▶ [What the exercise asks] Repeat the listing exactly as given, omitting every image.

▶ [Data extract]

=== Section Start ===

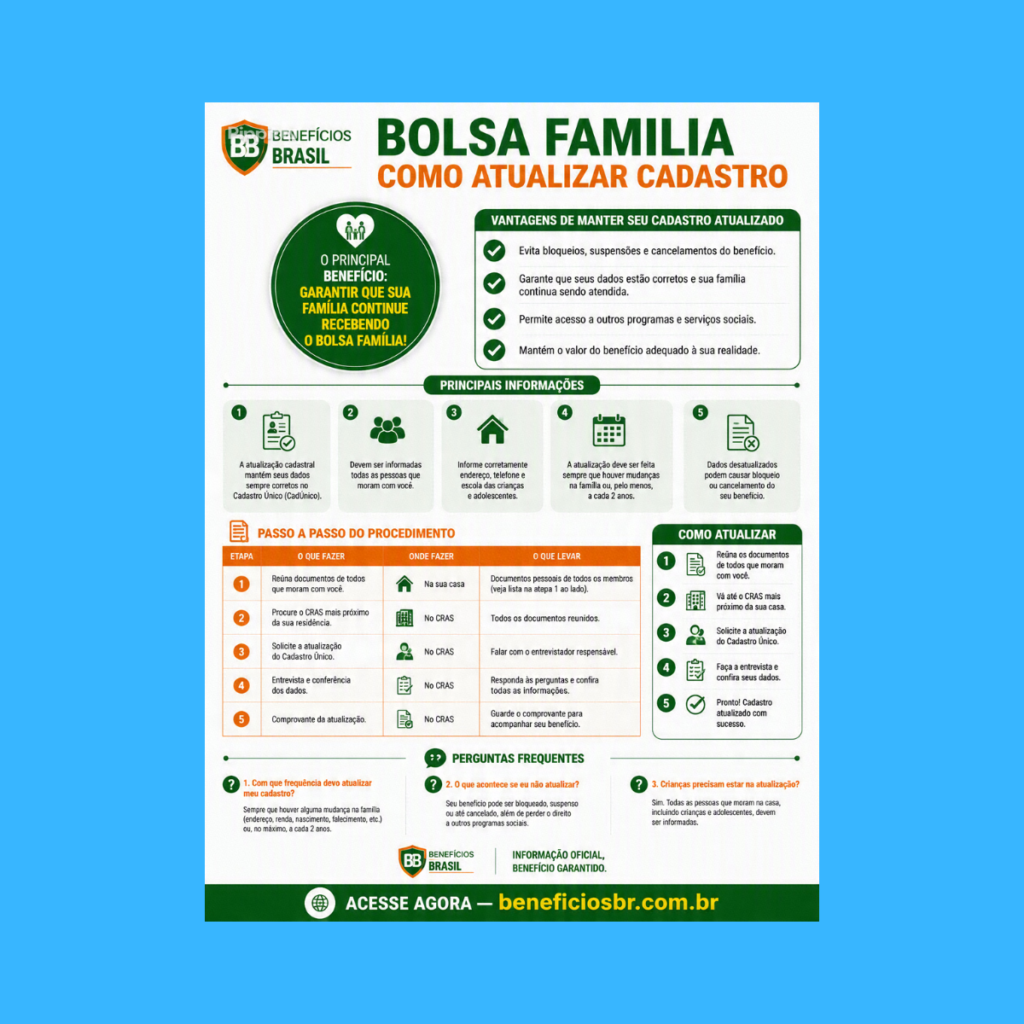 bolsa familia como atualizar cadastro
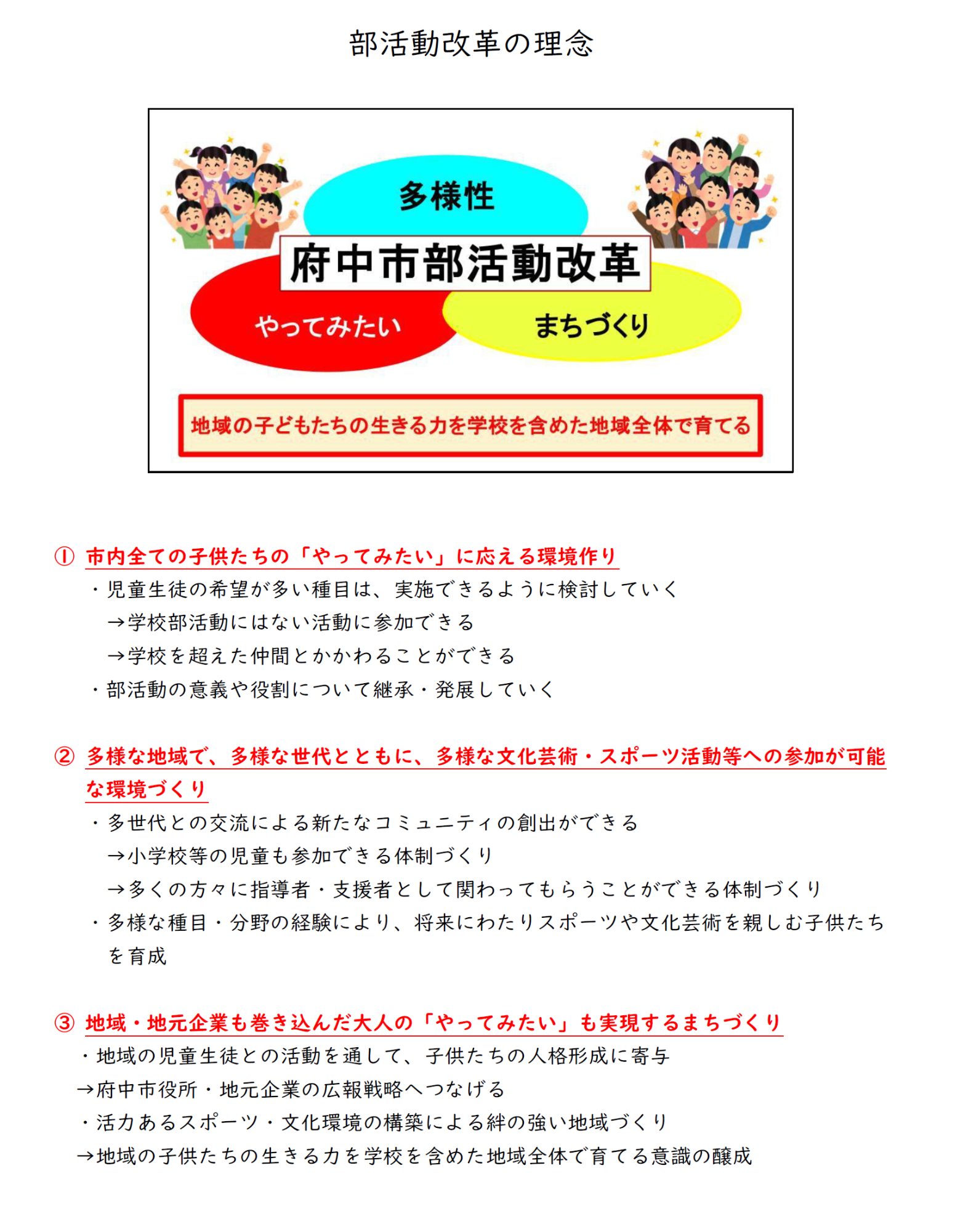 部活動改革の理念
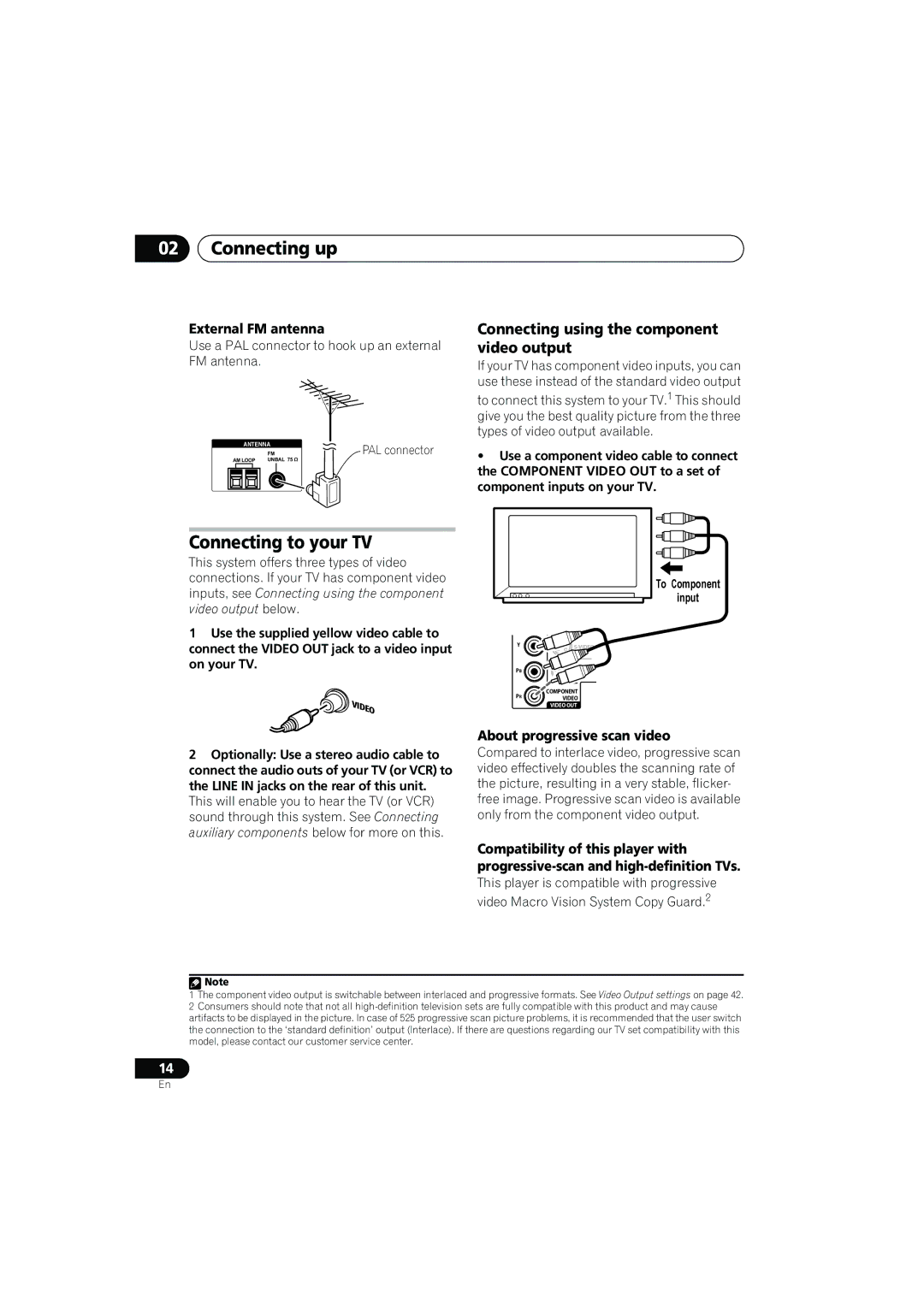 Pioneer XV-CX500, S-CX505, S-CX303 Connecting to your TV, Connecting using the component video output, External FM antenna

=== Section End ===

▶ [Exercise solution]
 bolsa familia como atualizar cadastro
 部活動改革の理念
 Pioneer XV-CX500, S-CX505, S-CX303 Connecting to your TV, Connecting using the component video output, External FM antenna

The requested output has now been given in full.